Beginning at the line that holds "Fashion Letter Heart", transcribe each line exactly through the end of the records, and leave any pictures out.

(Brief descriptive captions)
++++++++++++++++++++
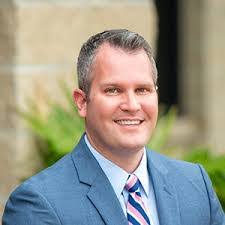 Dustin Comer's Instagram, Twitter & Facebook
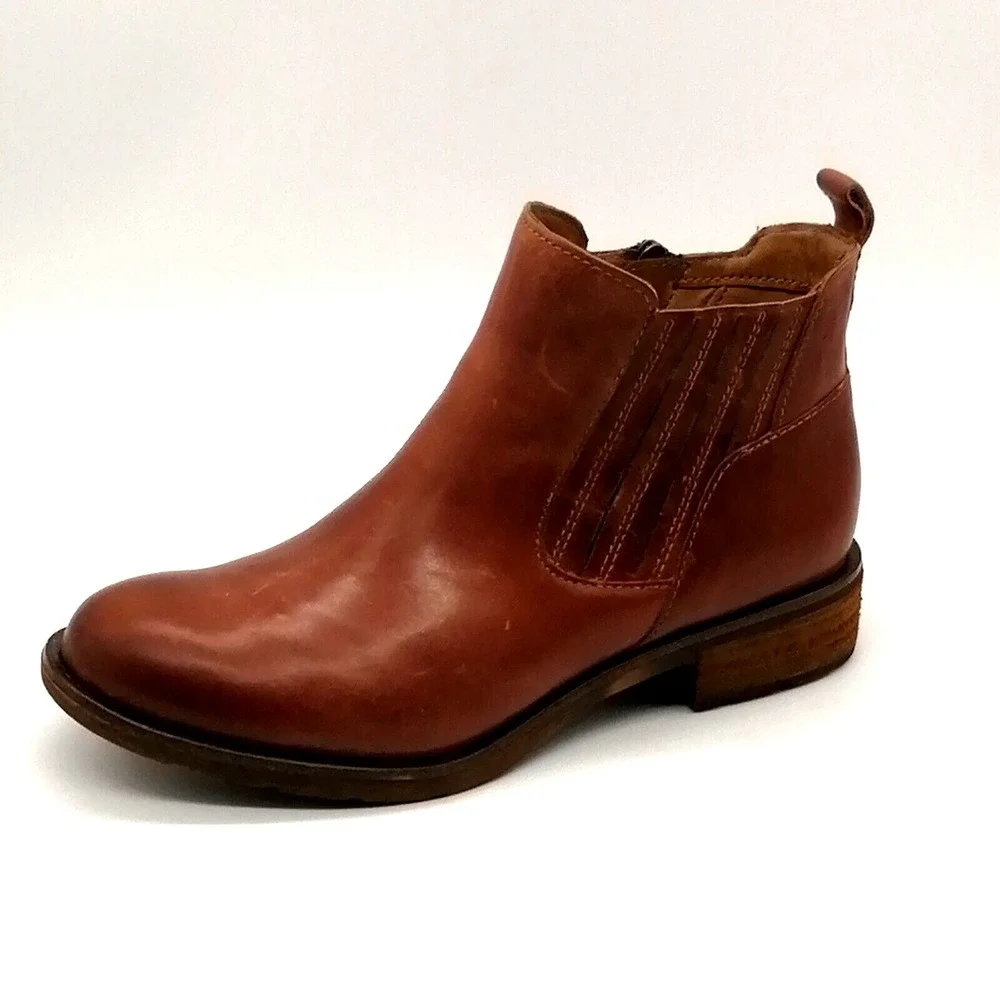Sofft Shoes‎ Womens Ankle Boot Brown Leather Side Zip Elastic Gussets 6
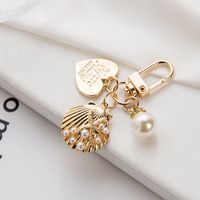 Fashion Letter Heart Shape Shell Imitation Pearl Metal Unisex Bag Pendant Keychain 1 Piece main image 3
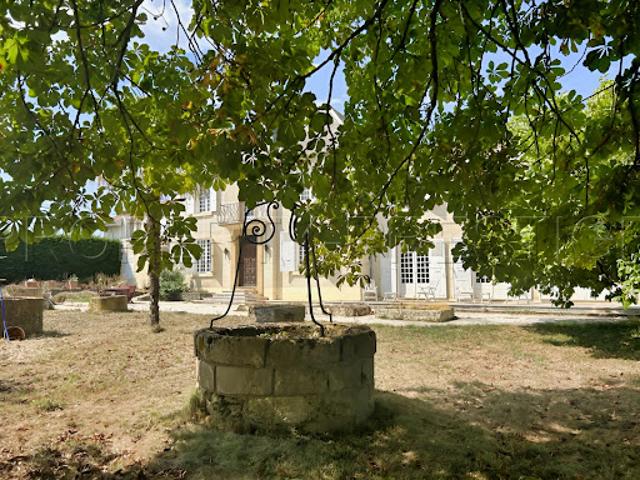Maison vente à Mirande, Estampes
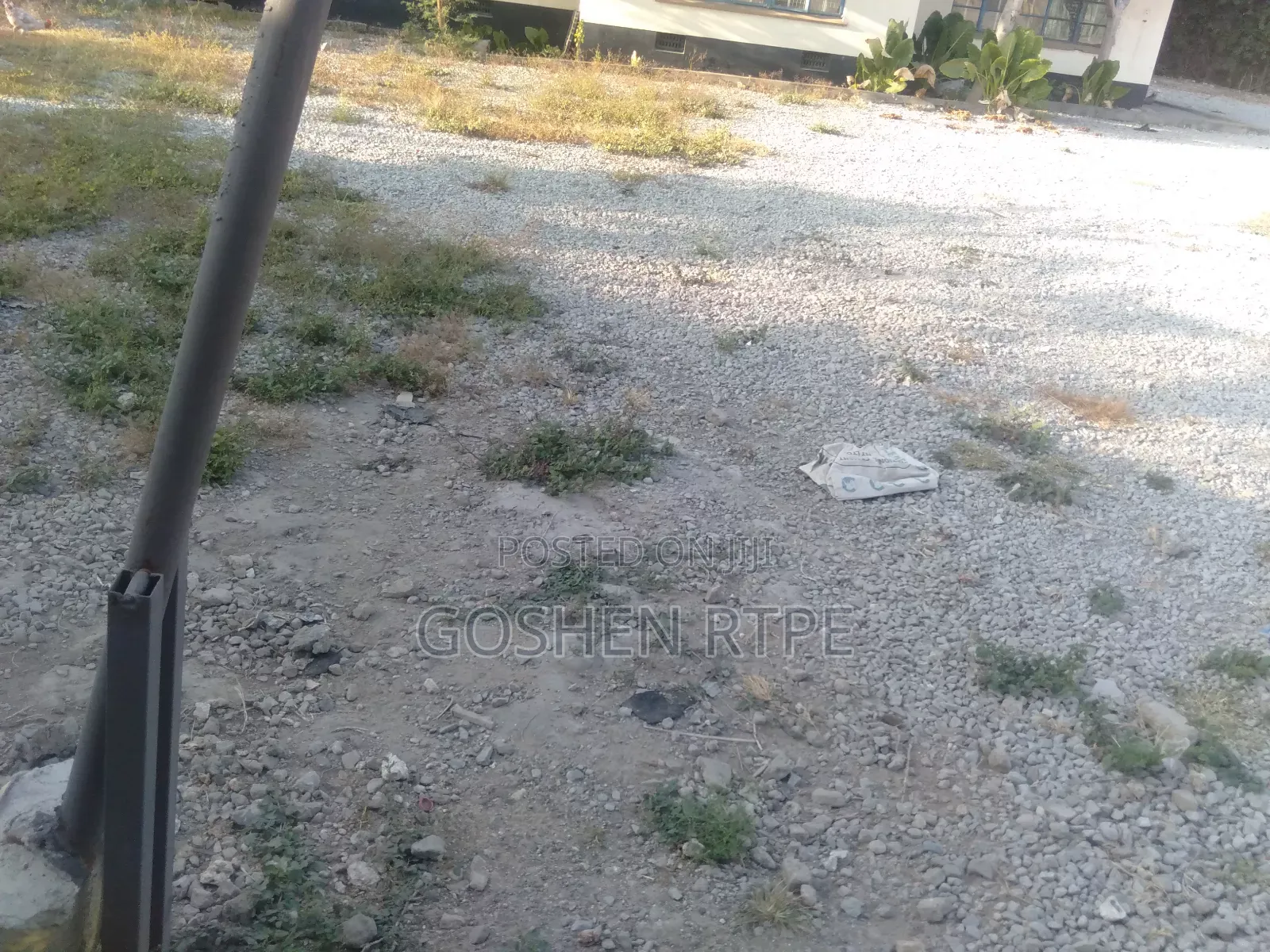 Prime 60+ Cars Showroom at to Let at Mombasa City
++++++++++++++++++++
Task result
 Fashion Letter Heart Shape Shell Imitation Pearl Metal Unisex Bag Pendant Keychain 1 Piece main image 3
Maison vente à Mirande, Estampes
 Prime 60+ Cars Showroom at to Let at Mombasa City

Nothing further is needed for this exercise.